Ce vide juridique crée une situation paradoxale où les entreprises les plus exposées sont souvent les moins outillées pour évaluer la qualité de leurs prestataires. Et faute de critères officiels, le marché se régule à coups de jargon, de certifications disparates et de réputation parfois usurpée.

Des précédents nombreux, un cadre existant

La France ne part pourtant pas de zéro. Plus de 250 professions sont aujourd’hui réglementées, souvent pour des raisons de protection du consommateur, de sécurité ou de confiance. Les professions libérales techniques — comme les experts-comptables, les architectes ou les experts agricoles — sont soumises à des obligations strictes : diplôme, expérience, déontologie, contrôle périodique.

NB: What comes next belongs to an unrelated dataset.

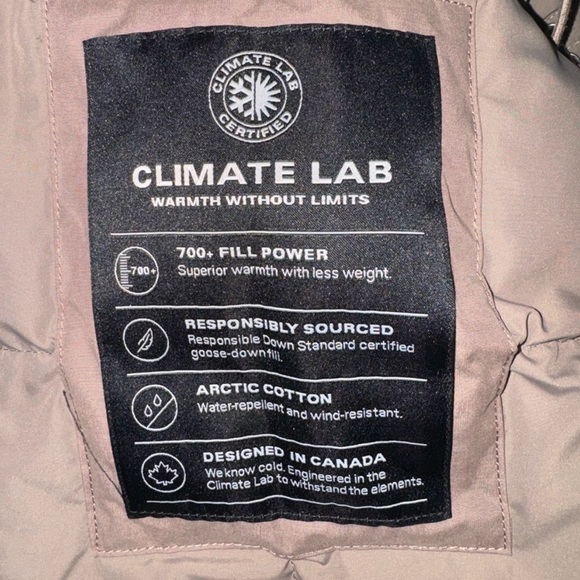 Aritzia Mont Blanc Wilfred Short Parka - Picture 5 of 7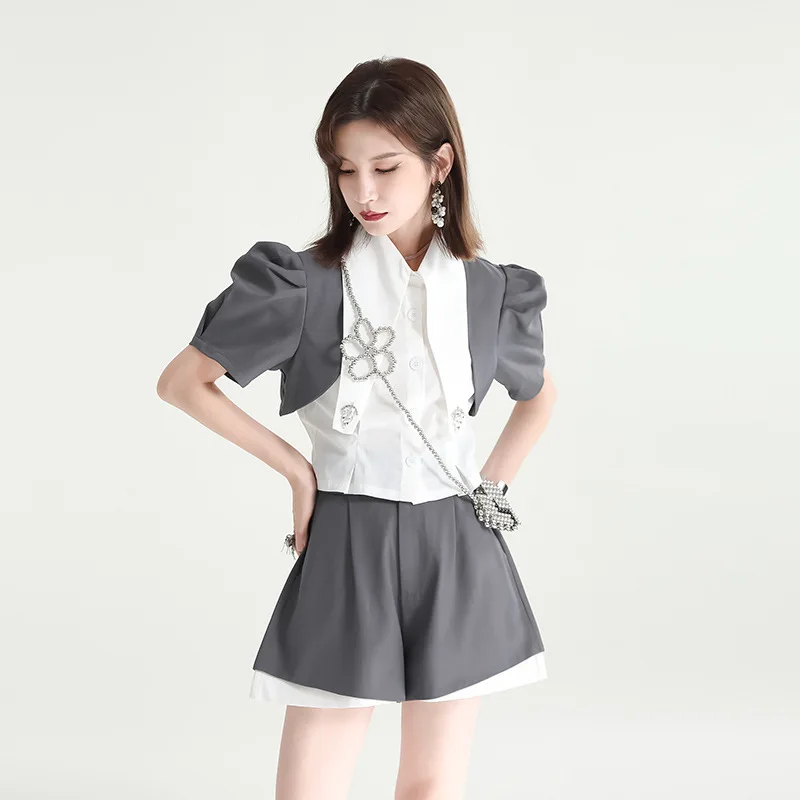 2023 Summer personality pointed neck lapel Lantern sleeve shirt top + High waist A-line shorts suit women
2023 Summer personality pointed neck lapel Lantern sleeve shirt top + High waist A-line shorts suit women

Pourquoi la cybersécurité, qui touche à des enjeux critiques, n’a-t-elle toujours aucun statut avéré ? Le législateur reconnaît depuis longtemps que certaines activités exigent un haut niveau de qualification et d’intégrité. Il est donc tout à fait envisageable de créer un titre protégé d’“expert en cybersécurité », conditionné à des critères objectifs et encadré par une instance professionnelle.

Une telle mesure permettrait de clarifier le marché, de renforcer la confiance, et surtout de protéger les entreprises contre des prestataires incompétents ou opportunistes, dont les interventions peuvent parfois aggraver les risques plutôt que les contenir.

Pour une reconnaissance pleine et entière

Cette profession mérite d’être structurée à la hauteur de ses responsabilités. Et cela implique :

  • une certification reconnue par l’État ou par un organisme indépendant ;
  • une expérience professionnelle vérifiable dans le domaine ;
  • l’adhésion à un code de déontologie engageant la responsabilité du praticien ;
  • et idéalement, une instance de régulation ou un ordre professionnel, chargé de délivrer les agréments et de veiller au respect des règles. 

On ne peut plus se satisfaire de dispositifs purement déclaratifs ou de labels à géométrie variable. La confiance dans la filière ne peut reposer sur l’auto-promotion.

En conclusion : sortir de l’angle mort réglementaire

Le numérique est devenu un champ de bataille. Et dans ce contexte, continuer à laisser n’importe qui se revendiquer expert en cybersécurité est irresponsable. La France dispose des outils juridiques pour faire évoluer cette situation. Ce n’est plus une question d’opportunité, c’est une urgence stratégique.

Il est temps de reconnaître officiellement la cybersécurité comme un métier d’intérêt public majeur, et de garantir que ceux qui le pratiquent en portent réellement les compétences et les responsabilités.